## EXERCISE REQUIREMENTS:
Where the data below shows a picture, leave that picture out and copy the rest exactly.

## Excerpts from a dataset:
[Start of section]

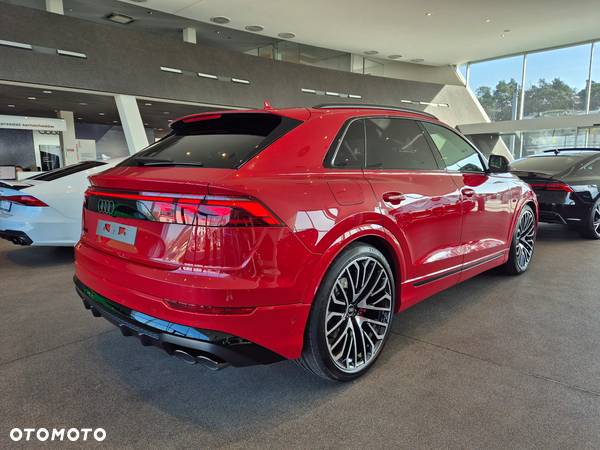 Audi SQ8 TFSI Quattro Tiptronic - 6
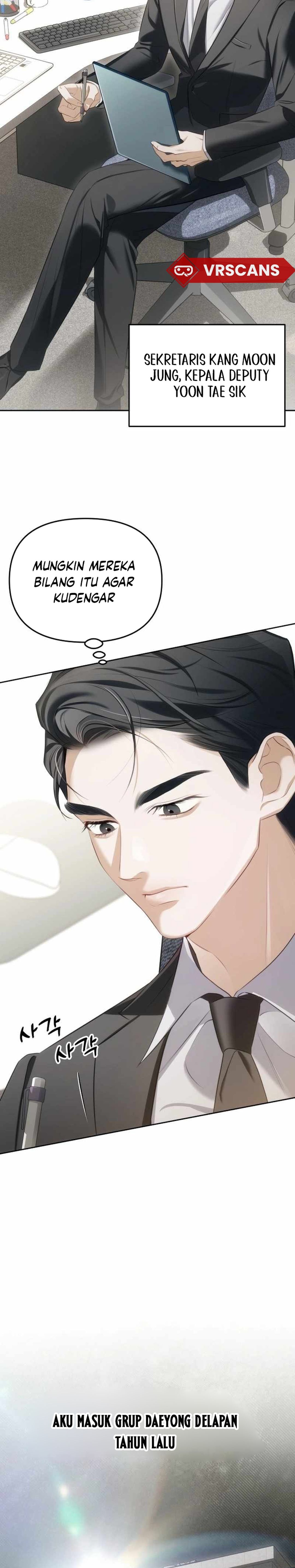 I’d Rather Live as a Villain Chapter 01 Gambar 4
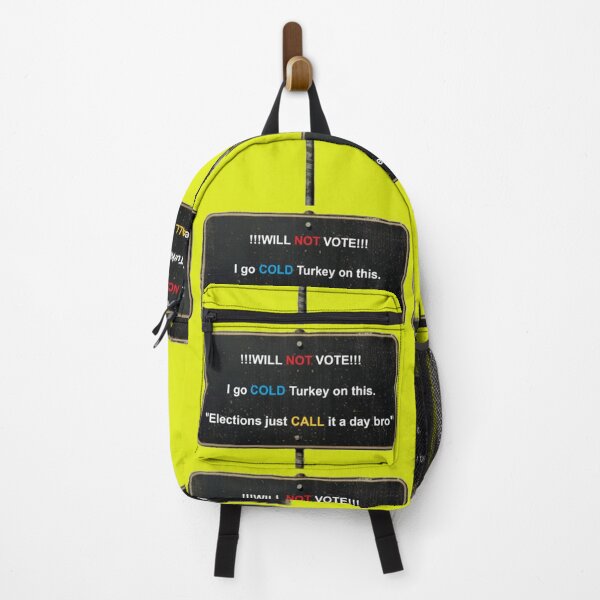 Item preview, Don't Vote designed and sold by BartHugoKnight.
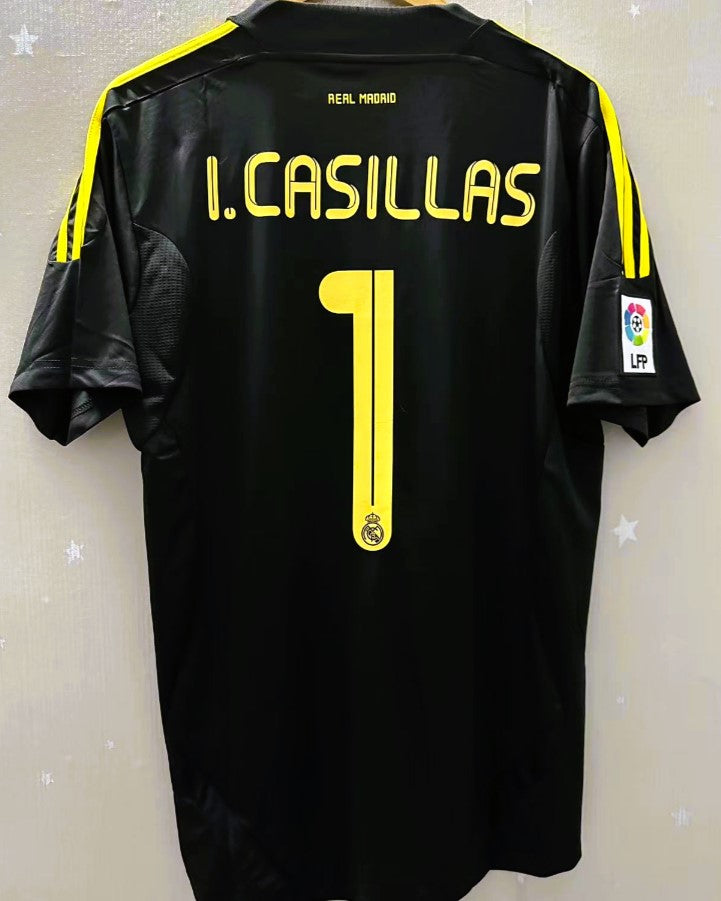 Real Madrid 2011-2012 - Casillas Iker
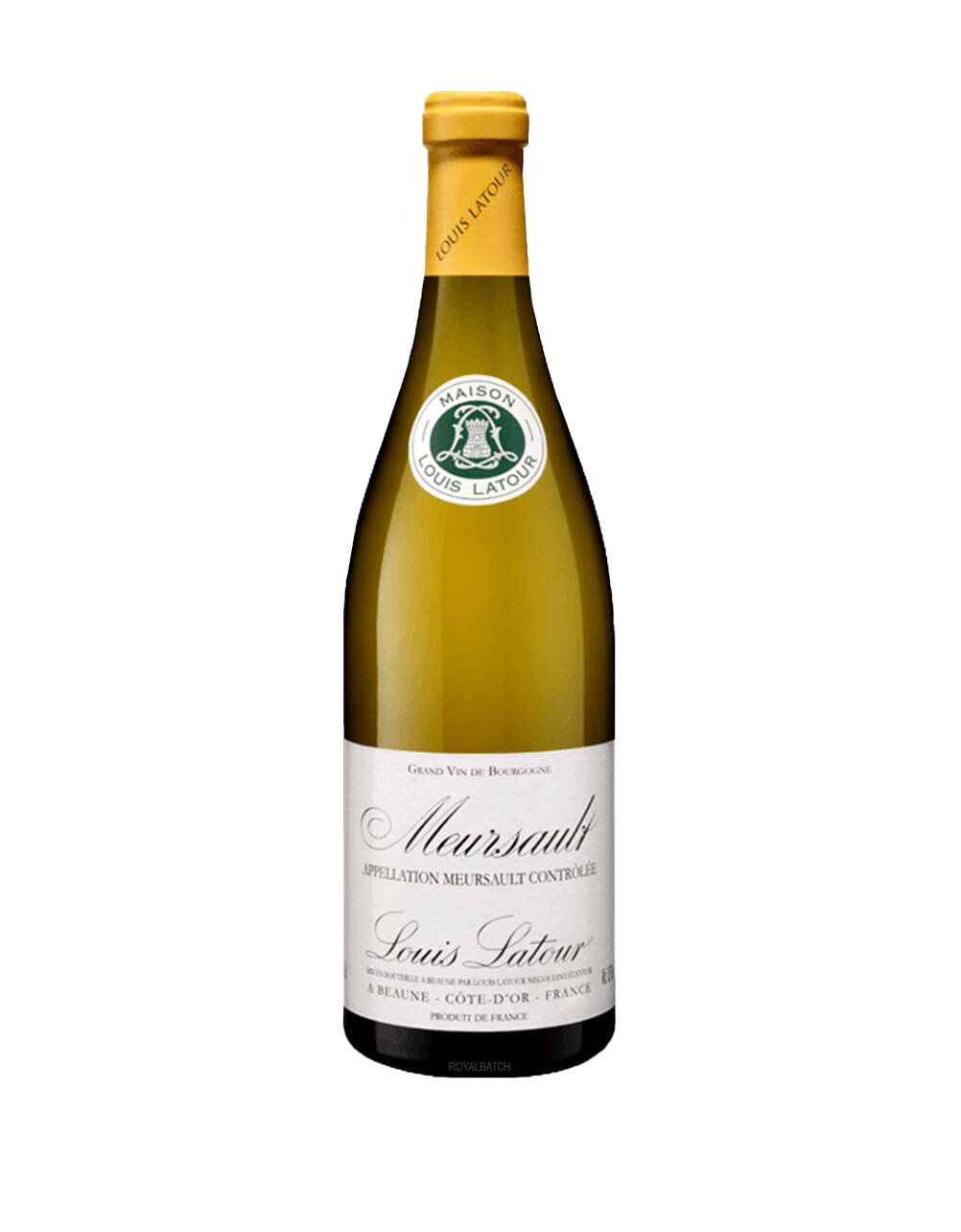 Maison Louis Latour Meursault Wine 2020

[End of section]

## RESPONSE BELOW:
 Audi SQ8 TFSI Quattro Tiptronic - 6
 I’d Rather Live as a Villain Chapter 01 Gambar 4
 Item preview, Don't Vote designed and sold by BartHugoKnight.
 Real Madrid 2011-2012 - Casillas Iker
 Maison Louis Latour Meursault Wine 2020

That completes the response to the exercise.